イギリス封建制の最大の特徴は、「全封臣が王に直接忠誠を誓う」点にあります。
これは土地と忠誠の関係を王のもとに一元化する仕組みであり、地方分権的だった大陸型封建制と比べて、はるかに統制の取れた体制でした。
しかし、皮肉なことに、王の権力が強すぎたことが後に貴族や都市の反発を呼び、マグナ=カルタや議会制度など、王権を制限する制度が生まれることになります。
つまりイギリスの歴史は、「強い王が制限されていく過程」の物語でもあったのです。
本記事では、ノルマン征服から議会制度の誕生まで、イギリス封建社会の仕組みと変化をたどりながら、「王の強さがなぜ立憲政治を生んだのか」を明らかにします。

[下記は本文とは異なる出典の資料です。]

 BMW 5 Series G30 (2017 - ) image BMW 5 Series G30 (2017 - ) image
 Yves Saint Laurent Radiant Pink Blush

第0章:封建制とは何か ― ヨーロッパ中世の秩序の仕組み
中世ヨーロッパを理解するうえで欠かせないのが、「封建制(feudalism)」という社会の仕組みです。
それは、王・貴族・農民・教会が土地を仲立ちに結びつく秩序であり、中央集権ではなく、分権的な安定によって維持された社会構造でした。
封建制は単に政治制度ではなく、土地(経済)・身分(社会)・信仰(宗教)という三要素が絡み合う包括的なシステムです。
国王は名目的存在にとどまり、地方領主が実質的な権力を持つ一方、教会がその秩序を「神の定め」として正当化しました。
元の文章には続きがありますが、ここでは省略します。